## TRY IT
Reproduce the data below exactly. Skip the pictures.

··· INFORMATION SHOWN ···

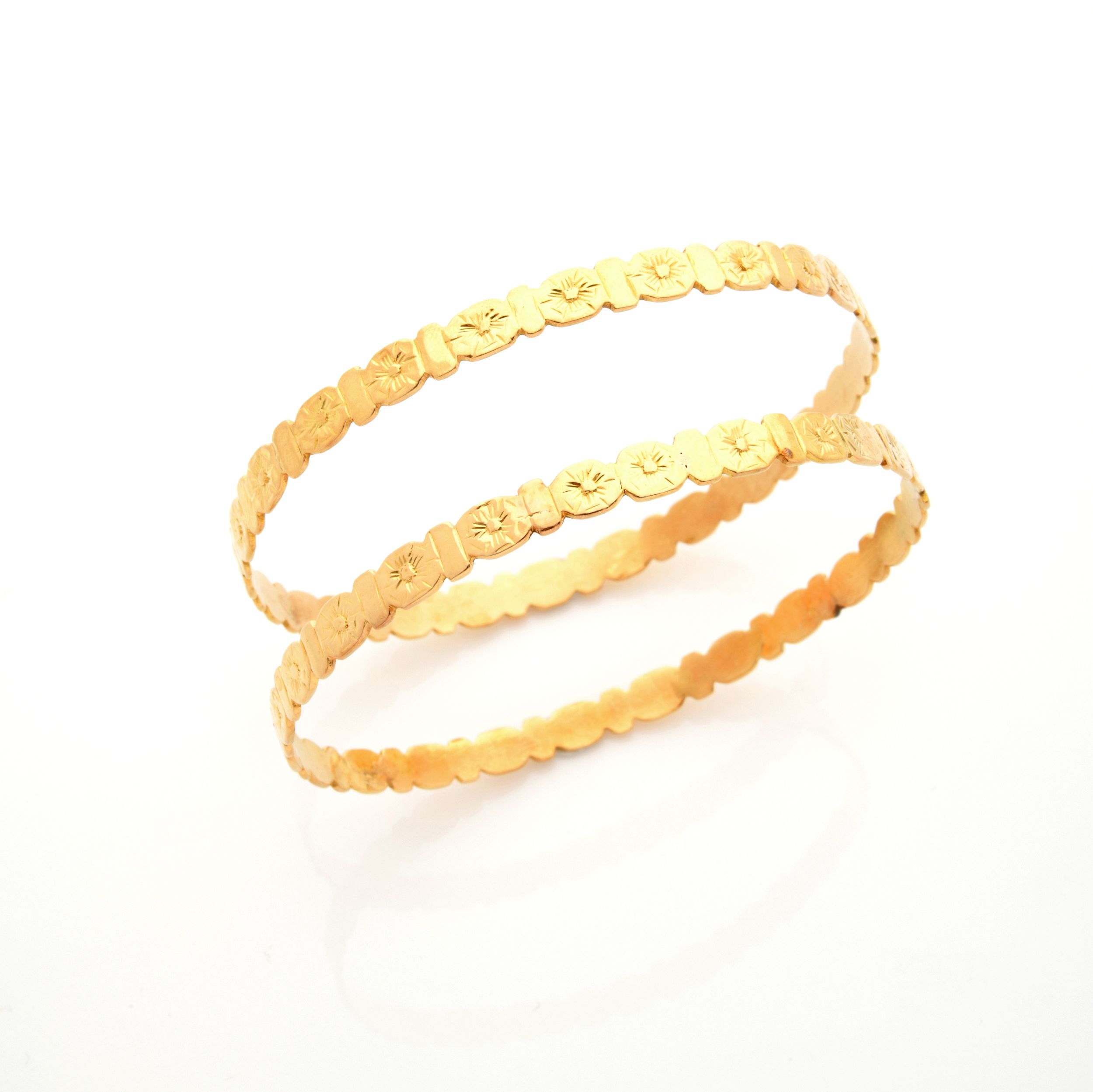 SUITE DE DEUX BRACELETS JONCS
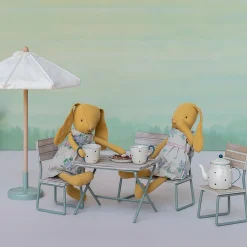 Miniature havesæt - bord med stol og bænk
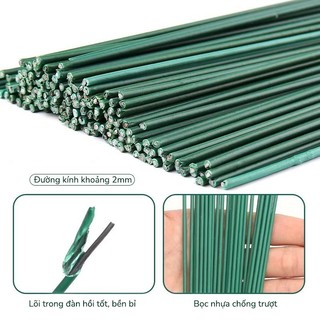 Cành Kẽm Nhung Bọc Nhựa 30cm – Làm Hoa Handmade, Kẽm Cắm Hoa Giả, Decor Bàn Bon Sai Trang Trí Phòng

···

## YOUR RESPONSE
 SUITE DE DEUX BRACELETS JONCS
 Miniature havesæt - bord med stol og bænk
 Cành Kẽm Nhung Bọc Nhựa 30cm – Làm Hoa Handmade, Kẽm Cắm Hoa Giả, Decor Bàn Bon Sai Trang Trí Phòng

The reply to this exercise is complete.